• **Supplied entries**:
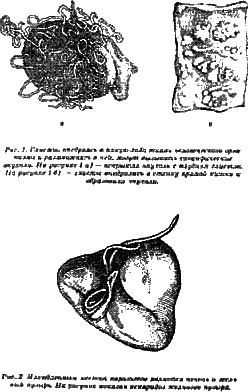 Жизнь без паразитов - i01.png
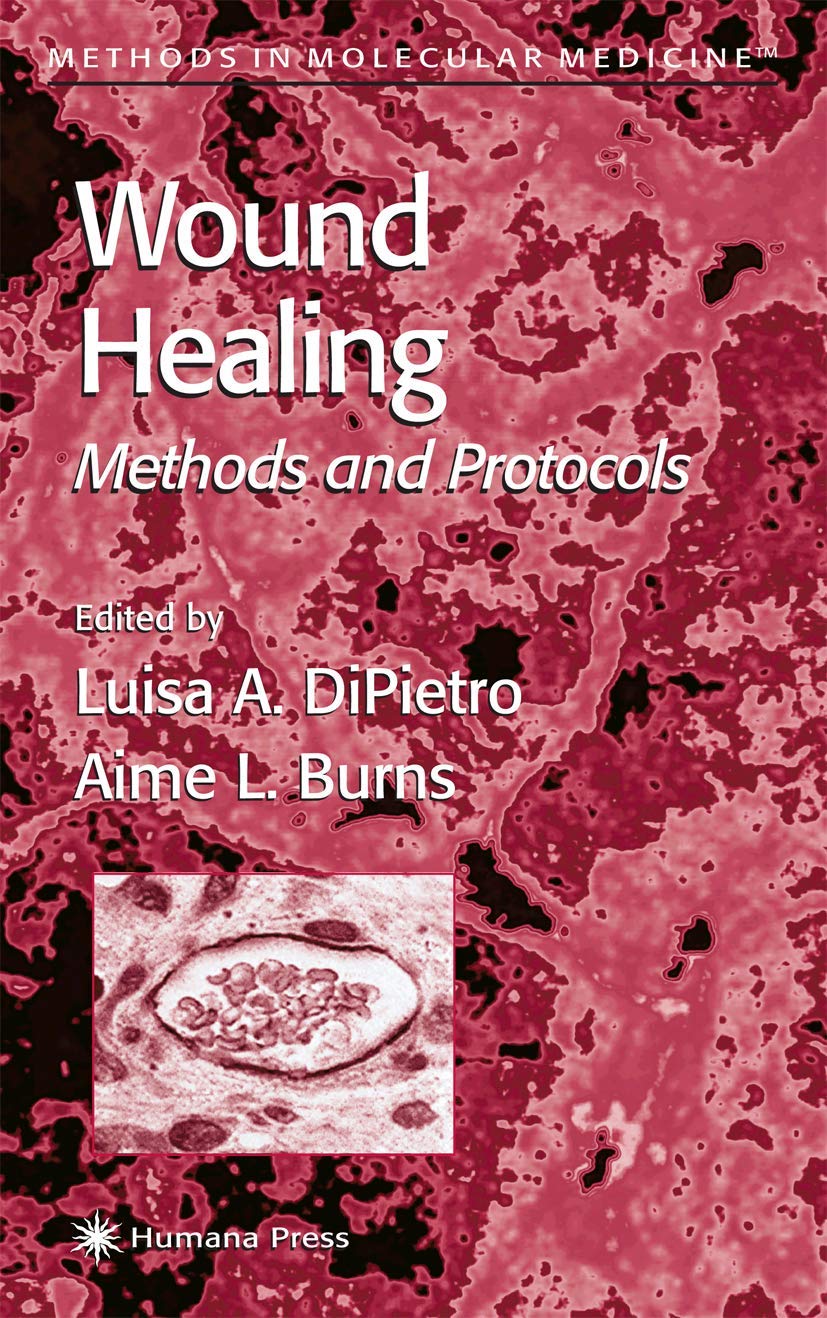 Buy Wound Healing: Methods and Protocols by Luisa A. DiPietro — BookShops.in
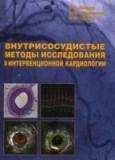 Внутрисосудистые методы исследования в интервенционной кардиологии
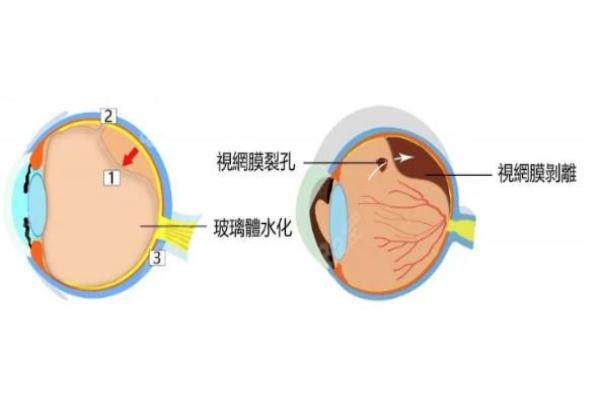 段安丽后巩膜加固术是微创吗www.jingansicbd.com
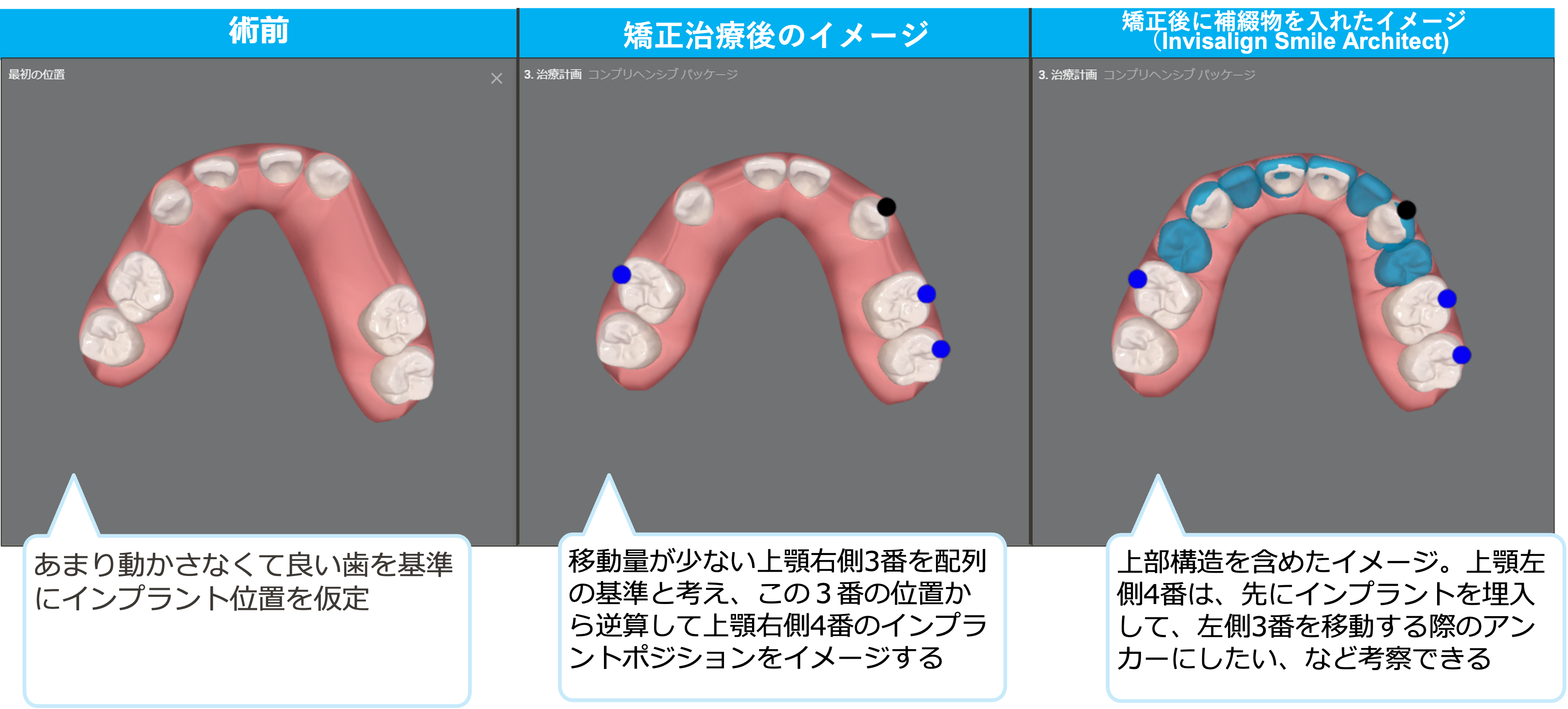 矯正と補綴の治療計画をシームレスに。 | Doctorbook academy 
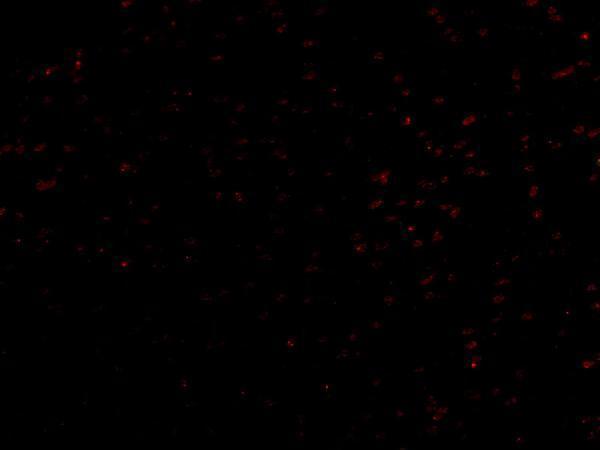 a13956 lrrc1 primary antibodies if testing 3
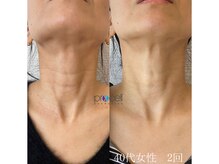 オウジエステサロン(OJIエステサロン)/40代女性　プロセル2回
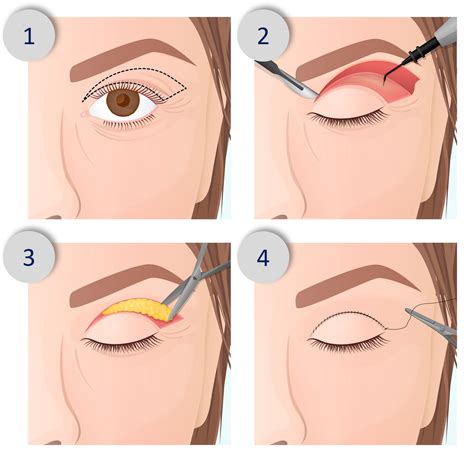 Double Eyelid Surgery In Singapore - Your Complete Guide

• **Assignment**: Every line between the one containing "Внутрисосудистые методы исследования" and the end of the listing, both included, needs to be retyped exactly, minus the pictures.

• **Solution**:
 Внутрисосудистые методы исследования в интервенционной кардиологии
 段安丽后巩膜加固术是微创吗www.jingansicbd.com
 矯正と補綴の治療計画をシームレスに。 | Doctorbook academy 
 a13956 lrrc1 primary antibodies if testing 3
 オウジエステサロン(OJIエステサロン)/40代女性　プロセル2回
 Double Eyelid Surgery In Singapore - Your Complete Guide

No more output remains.